Be Careful With Collections

Published on: July 29, 2001

For many years now there has been an issue of whether either the state or federal fair debt collection practices act applies to the collection of common area fees. A series of recent federal trial court decisions interpreting the federal act have analogize condominium fees to real estate taxes and held that because there is no extension of credit the act did not apply. Most Massachusetts attorneys took heart in this reasoning since the Supreme Judicial Court and Appeals Court had equated condominium fees to real estate taxes in the Trustees of Prince Condominium v. Prosser and Blood v. Edgar’s cases, two of the key common area fee collection decisions. Unfortunately, the Seventh Circuit Court of Appeals overruled two of the mentioned federal trial court decisions and held that the term debt as defined under the Federal Fair Debt Collection Practices Act covers any obligation which arises out transaction which is for personal, family or household purposes. The Court reasoned that the acquisition of a house is such a transaction and thus the obligation to pay condominium fees, which arose from that transaction, fell within the statutory definition of debt. In reaching this decision the Court rejected the premise relied upon in the cases to the contrary that a debt required the extension of credit.

Since the New England states are in the First Circuit, this decision from Illinois is not binding our federal district courts and certainly is not binding on our state courts in their interpretation of the state’s debt collection act. Thus, some reliance can be placed on the federal trial court decisions to the contrary emanating from Florida and New Jersey. However, since the requirements of both the federal and state act are easily met, associations, their managing agents and their attorneys would be wise to adhere to their requirements.

The Massachusetts Act is quite simple and short (M.G.L. c. 183 §49). It applies by its terms to any creditor, or attorney for a creditor, of a person present or residing in Massachusetts who has incurred a debt primarily for personal, family or household purposes. It prohibits –

  1. communicating, threatening to communicate or imply the existence of the debt to a third party. Notifying a credit bureau, etc., is exempted. However, nothing on an envelope can indicate that it is about a debt.
  2. communicating with the debtor after notification by an attorney had he/she represented the debtor and that all further communication should be with them.
  3. communicating in a harassing or embarrassing manner, including doing so at an unreasonable hour, with unreasonable frequency, by threats of violence, by use of offensive language, or by threats to do something not done in the usual course.
  4. communicating by means of forms or documents which simulate judicial process.

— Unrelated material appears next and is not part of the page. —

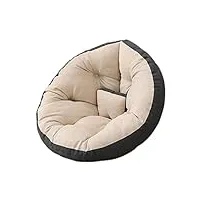 csgfylho pouf avec remplissage, canapé paresseux multifonctionnel, tapis de jeu pliant, lit futon inclinable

The prohibitions of the Federal Act are similar. Thus, standard collection letters and/or statutory pre-suit notices addressed to the debtor should be acceptable. It should also be noted that unlike the state act which applies both to the creditor or its attorneys, the Federal Act applies solely to debt collectors (anyone doing more than incidental debt collection for others). Thus, the state act clearly applies to associations and their attorneys, but possibly not property managers. The Federal Act, however, would only apply to management companies and attorneys.

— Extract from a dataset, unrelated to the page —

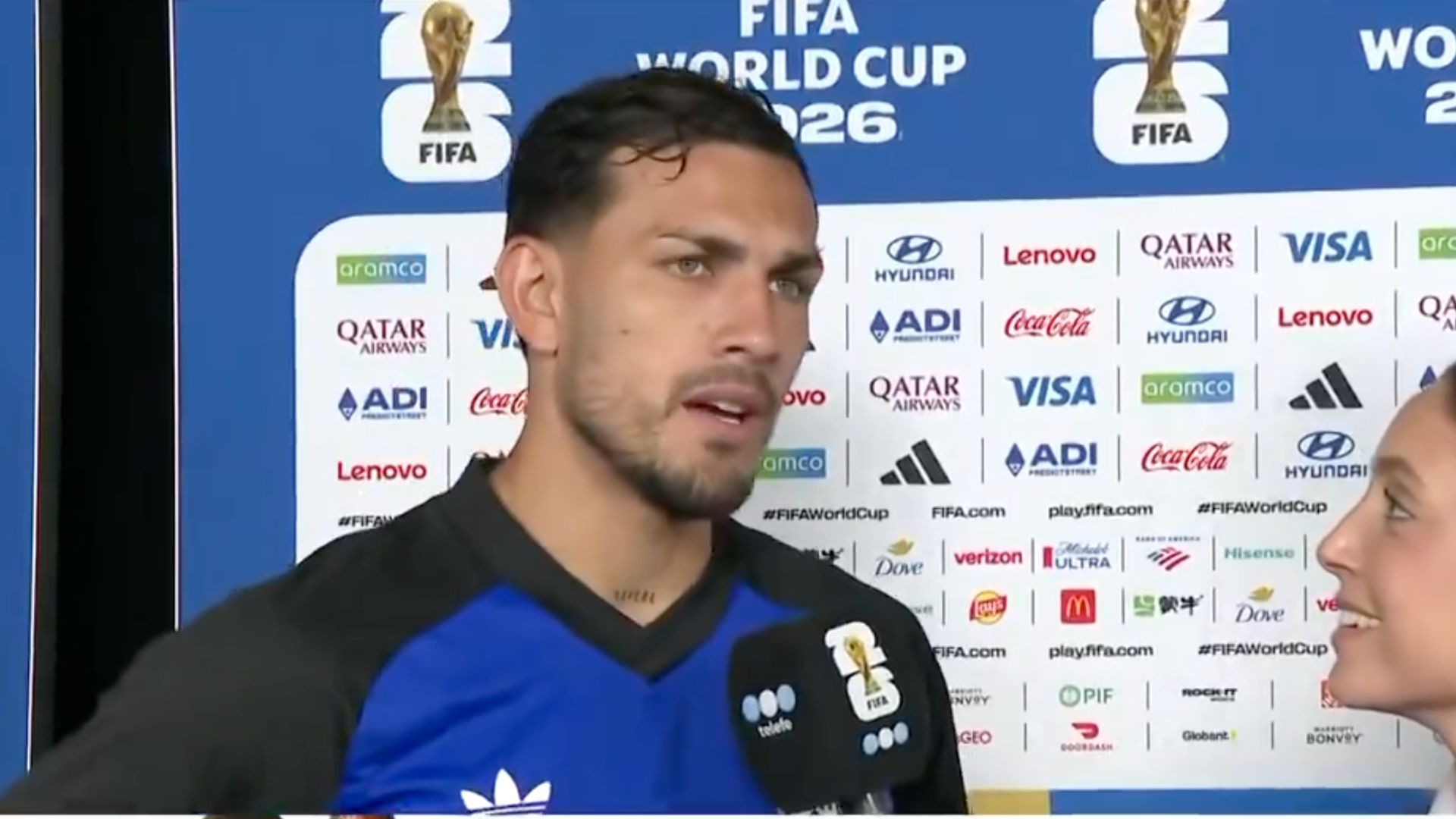 Leandro Paredes en el post partido.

In addition to prohibiting similar matters to the State Act, the Federal Act requires that certain notices be given. First, it requires that the initial notice state:

NOTICE OF IMPORTANT RIGHTS

Pursuant to the Federal Fair Debt Collection Practices Act (15 U.S.C. § 1692), a consumer debtor is required to be sent the following notice: (1) unlessthe consumer, within thirty days after receipt of this notice, disputes the validityof the debt or any portion thereof, the debt will be assumed to be valid by the debt collector; (2) if the consumer notifies the debt collector in writing within the thirty-day period that the debt or any portion thereof, is disputed, the debt collector will obtain verification of the debt or a copy of a judgment against the consumer and a copy of such verification or judgment will be mailed to the consumer by the debt collector; and (3) upon the consumer’s written request within the thirty-day period, the debt collector will provide the consumer with the name and address of the original creditor, if different from the current creditor. The law firm of Marcus, Goodman, Emmer & Brooks, P.C. is acting as a debt collector, pursuant to the Federal Fair Debt Collection Practices Act. Any information obtained will be used for that purpose. The Federal Trade Commission has ruled that the Federal Fair Debt Collection Practices Act does not preclude the institution of legal action prior to the expiration of the thirty-day period.